In our experience, organizations aren’t able to answer most of these questions. The tester doesn’t understand application internals and the organization requesting the test doesn’t know much about the security posture of their software. We’re not the only ones who acknowledge this issue: Haroon Meer discussed the challenges of penetration testing at 44con. Most of these issues apply to every form of verification: automated dynamic testing, automated static testing, manual penetration testing, and manual code review. In fact a recent paper describes similar challenges in source code review.
The opaque nature of verification means effective management of software security requirements is essential. With requirements listed, testers can specify both whether they have assessed a particular requirement and the techniques they used to do so. Critics argue that penetration testers shouldn’t follow a “checklist approach to auditing” because no checklist can cover the breadth of obscure and domain-specific vulnerabilities. Yet the flexibility to find unique issues does not obviate the need to verify well understood requirements. The situation is very similar for standard software Quality Assurance (QA): good QA testers both verify functional requirements AND think outside the box about creative ways to break functionality. Simply testing blindly and reporting defects without verifying functional requirements would dramatically reduce the utility of quality assurance. Why accept a lower standard from security testing?

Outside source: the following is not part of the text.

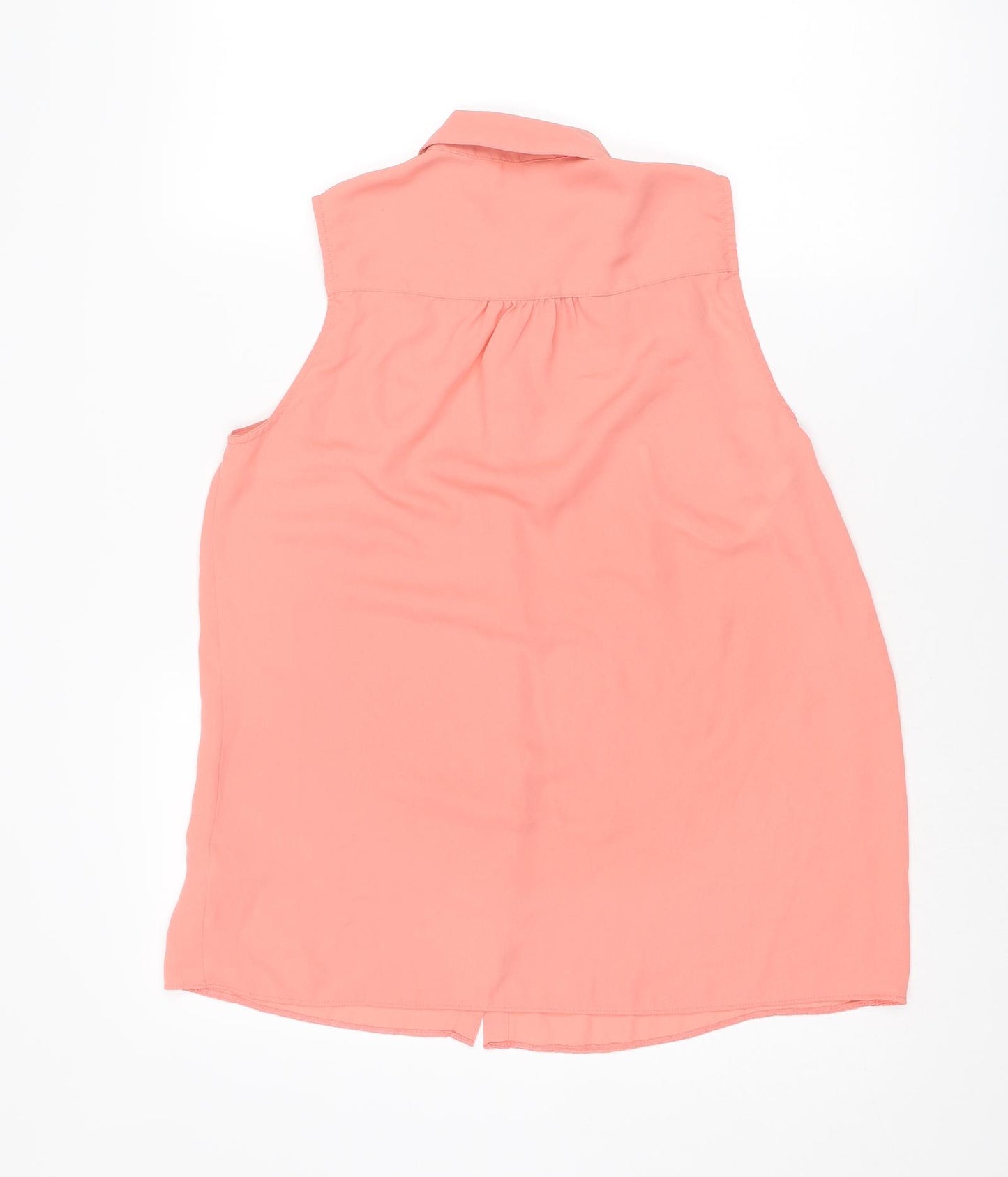 New Look Womens Pink Polyester Basic Button-Up Size 12 Collared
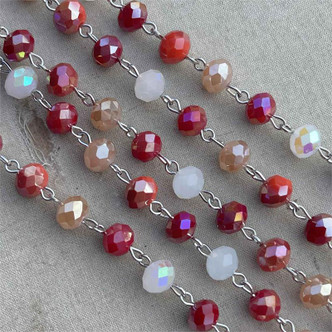 Frosted Berries Beaded Rosary Chain 8mm Crystal Rondelle Antique Silver Plated Per Ft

Before you perform your next security verification activity, make sure you have software security requirements to measure against and that you define which requirements are in-scope for the verification. If you engage manual penetration testers or source code reviewers, it should be relatively simple for them to specify which requirements they tested for. If you use an automated tool or service, work with your vendor to find out what requirements their tool or service cannot reliably test for. Your tester/product/service is unlikely to guarantee an absence of false negatives (i.e. certify that your application is not vulnerable to SQL injection), but knowing what they did and did not test for can dramatically help increase the confidence that your system does not contain known, preventable security flaws.